Abfuhr bekommen? Schau der Wahrheit ins Gesicht (neue Version)

Ich hab euch ja vor 9 Tagen so eine typische Datingfrust-Geschichte erzählt, wo anfangs alles in Richtung Verlieben zu laufen schien, doch nach dem ersten Sex war er eher ein Hase auf der Flucht, was die Zurückgelassene in einen ausgedehnten „Werde ich je den Richtigen finden???“-Blues versetzte.
Ich hab das auch schon öfter erlebt. Nachdem ich mich dann immer tagelang mit Grübeleien herumgeschlagen hatte wie „Habe ich etwas falsch gemacht? Hab ich ihn durch zu viel Reden über XY eingeschüchtert? War ich zu voreilig mit Z? Ist irgendwas von den alten Macken durchgekommen, mit denen ich früher so manchen vertrieben habe?“, erkannte ich irgendwann vor ein paar Jahren: Es gibt nur einen, der mir all diese Fragen eindeutig beantworten kann – er selbst.

Er zieht sich zurück und ich weiß nicht warum
Warum will er mich nicht mehr? Was habe ich falsch gemacht?

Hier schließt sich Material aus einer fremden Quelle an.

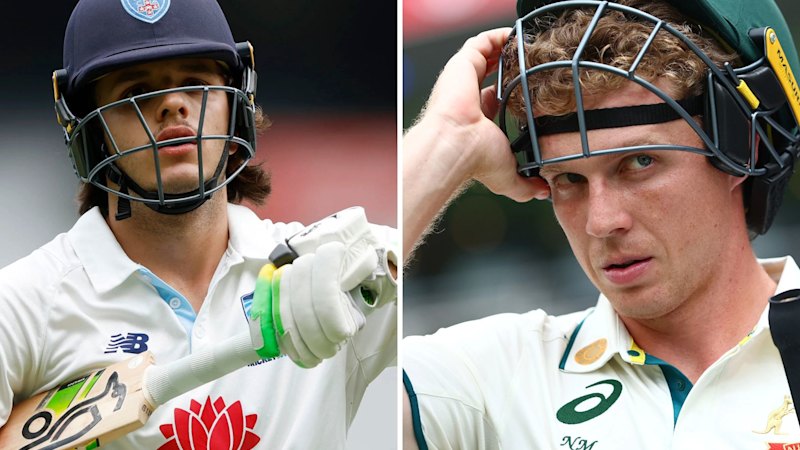 Don’t forget about us: The contenders now lining up to take Khawaja’s Test place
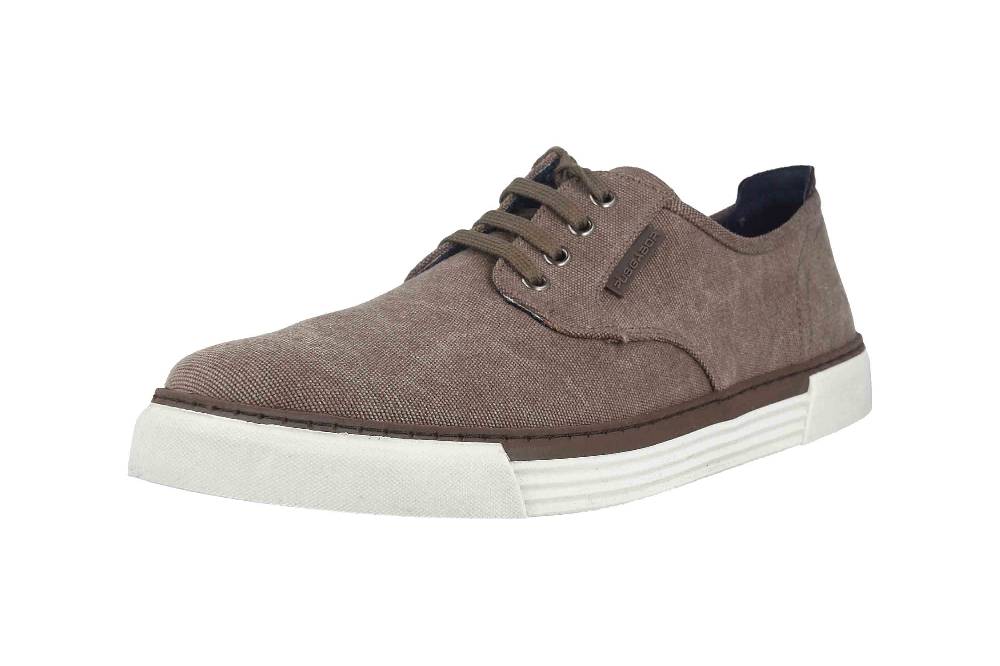 Pius Gabor Halbschuhe In Übergrößen Braun 0460.16.02 Große Herrenschuhe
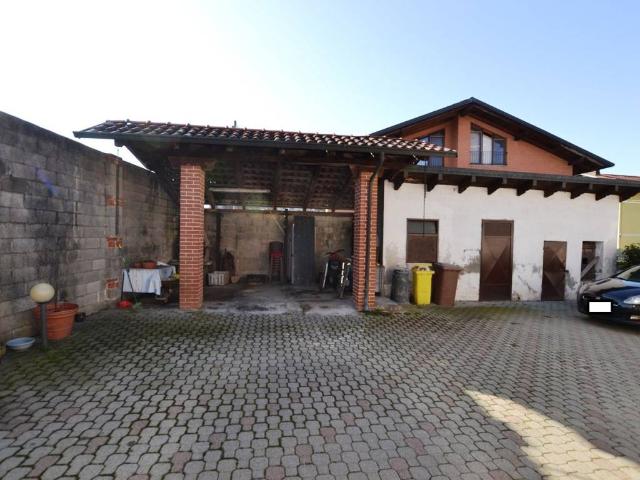 Villa in vendita a Verrone BI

Also traute ich mich damals, trotz all des Abstandes, auf den er mittlerweile gegangen war, ihn um ein Treffen zu bitten, damit ich ihn direkt fragen konnte. Ich simste ihm, dass ich kurz mit ihm ein Problem besprechen wollte, was mich selbst betraf, und er sagte zu.
„Traute mich“ insofern, als sehr viele sich das nicht trauen, weil bei so einer direkten Konfrontation etwas herauskommen kann, was für einen unangenehm ist. Es ist aber besser, das in Kauf zu nehmen, denn wenn man nicht nachhakt, quält man sich entweder weiter mit Selbstzweifeln und dem Schmerz der Zurückweisung herum, oder man erkennt immer noch zu wenig die eigenen ungünstigen Verhaltensweisen, mit denen man seine Kandidaten/innen in den Rückzug treibt.
Übrigens ist das Risiko, dass man dann etwas Unschönes gesagt bekommt, wesentlich höher, wenn man seine Sicht und seine Fragen angreifend/ vorwurfsvoll/ sarkastisch vorträgt! Auf Angriffe und Unterstellungen wirst du immer nur negative Reaktionen kriegen, selbst wenn der Rückzug deines Kandidaten wenig mit dir zu tun hatte.
Da ich diesen Fehler in jungen Jahren zu häufig gemacht hatte, vermied ich jetzt im Gespräch mit ihm alles, was nach Vorwurf hätte klingen können, und redete einfach nur davon, dass mich die Entwicklung unserer Verbindung traurig machte, verwirrte und in Selbstzweifel stürzte.
Zu meiner Erleichterung bestätigte er alles, was ich gespürt hatte: Am Anfang war er mir zugewandt gewesen und hatte Lust, mir näher zu kommen und verbindlich zu sein, aber mit der Bettpremiere (die auch aus seiner Sicht sehr gut war) bekam das Ganze für ihn eine neue Dimension: jetzt wird´s ernst! In den Minuten, wo er still da lag und an die Decke starrte: da habe er überlegt, ob er ab jetzt noch verbindlicher mit mir sein wollte, und sein Inneres habe zu „nein“ tendiert.
Ich fragte ihn, ob es an mir lag, an meinem Verhalten. „Nein“, sagte er, „das Zusammensein mit dir finde ich immer sehr angenehm. Aber das Blöde ist, dass ich ab einem bestimmten Punkt immer alle Frauen mit einer bestimmten Frau vergleiche, in die ich seit langem verliebt bin. Und an sie kommt – zumindest nach meinem subjektiven Empfinden – einfach keine ran.“
Das war zwar auch nicht schön zu hören, aber es war viel besser, als dauernd zu denken, „der Arsch hat mir nur was vorgemacht!!“ oder „ich werde nie einen kriegen, weil ich irgendwie total verkehrt bin“.
Nachdem er und ich das geklärt hatten, sagte er, dass er wirklich gerne mit mir befreundet wäre, und damit bin ich nun vollkommen zufrieden und versöhnt.
Fazit: Wenn jemand, in den du verliebt bist, sich von dir zurückzieht, dann verleg dich weder auf die Opferrolle noch auf Schuldzuweisung oder Selbstzerfleischung. Das bringt nämlich keinen weiter, weder dich noch deinen Ex-Augenstern. Halt entweder geduldig die Füße still, oder hak nach.